L’esclusione della seconda potenza europea dal vertice di Roma, avvenuta ieri, potrebbe non essere un dispetto, ma ciò che è certo è che ci somiglia molto. L’irritazione a Parigi è evidente, anche se non ci sono reazioni ufficiali filtrate. Si cerca di mantenere le apparenze, ma la normalizzazione dei rapporti tra i due leader, ostentata lo scorso giugno, sembra già fragile. Macron e Meloni avevano parlato di “convergenze” per trovare un accordo con la Tunisia e coordinarsi per rafforzare i controlli alle frontiere esterne dell’UE. Tuttavia la situazione è cambiata con l’attivismo di Meloni con Kais Saied, che ha così bypassato Parigi rispetto a uno dei paesi in cui la Francia esercita storicamente la sua influenza. “Non c’è stato alcun coordinamento“, lamenta una fonte diplomatica francese.

Il fatto di non essere stata invitata al vertice di Roma è stata una sorta di conferma del malumore. Nelle ultime settimane, Meloni ha preferito associarsi al primo ministro olandese Mark Rutte, trascurando la Francia e la Germania, i due paesi che più subiscono l’impatto dei flussi migratori che giungono nell’UE. Le ragioni del formato deciso dal Ministero degli Esteri, che ha invitato solo paesi di transito, origine o primo approdo, sembrano più una scusa che una realtà. La Francia e la Germania sono, insieme, i principali paesi di destinazione per i migranti che sbarcano in Italia, e negli ultimi mesi hanno registrato un aumento significativo delle domande di asilo.

Europa e alleanze: la fallimentare strategia di Meloni

“La cooperazione tra Francia e Italia sull’immigrazione deve continuare”, aveva auspicato Macron dopo l’incontro con Meloni. Il leader francese da anni cerca di promuovere una “politica mediterranea” per l’UE. Nel 2018, aveva organizzato a Parigi una conferenza sull’immigrazione simile a quella svoltasi ieri a Roma, invitando allora il premier Paolo Gentiloni e la cancelliera Angela Merkel. Durante la presidenza francese dell’UE nel 2022, Macron aveva scommesso sulla riforma del Patto sull’Asilo e l’Immigrazione. L’adesione del governo Meloni al nuovo testo europeo, che prevede una divisione più equa delle responsabilità tra gli Stati membri di primo ingresso e i paesi di destinazione dei migranti, era stata interpretata a Parigi come un segnale di buona volontà, ma si è rivelato vano nella pratica.

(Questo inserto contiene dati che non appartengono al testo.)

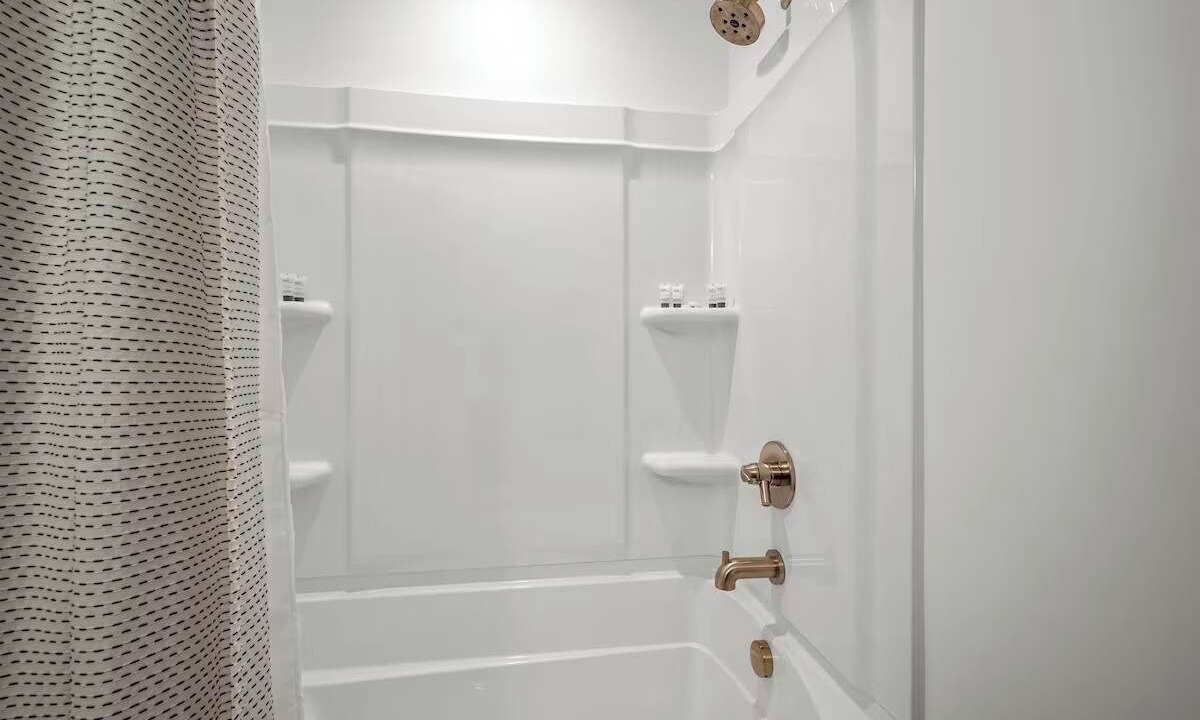 Photo of Bathroom in Mountain Green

“Sull’immigrazione, Meloni adotta un approccio ideologico e settario a una iniziativa giusta”, commenta l’eurodeputato di Renew Sandro Gozi. “La mancata partecipazione di esponenti del governo francese e l’assenza di un invito rivolto alla Germania – continua Gozi – evidenziano un metodo poco pragmatico che indebolisce la conferenza stessa.” Tornare a una competizione tra i paesi dell’UE sul tema dell’immigrazione sembra un’idea futile, a meno che non prevalgano gli interessi nazionali in vista delle elezioni europee. La partnership tra Meloni e von der Leyen, alla ricerca di un nuovo mandato, è vista anche come parte dei giochi riguardanti la futura governance dell’UE, che inizieranno nella primavera del 2024. A Parigi, c’è anche il sospetto che il governo Meloni voglia approfittare della perdita di influenza della Francia in alcuni paesi del Mediterraneo meridionale. Ai continui dissidi con l’Algeria si sono aggiunte le tensioni con il Marocco e, ora, con la Tunisia. Nel continente africano, dopo il fallimento della missione militare nel Sahel, Macron si trova a dover affrontare la concorrenza economica della Cina e un sentimento popolare anti-francese alimentato dalla Russia.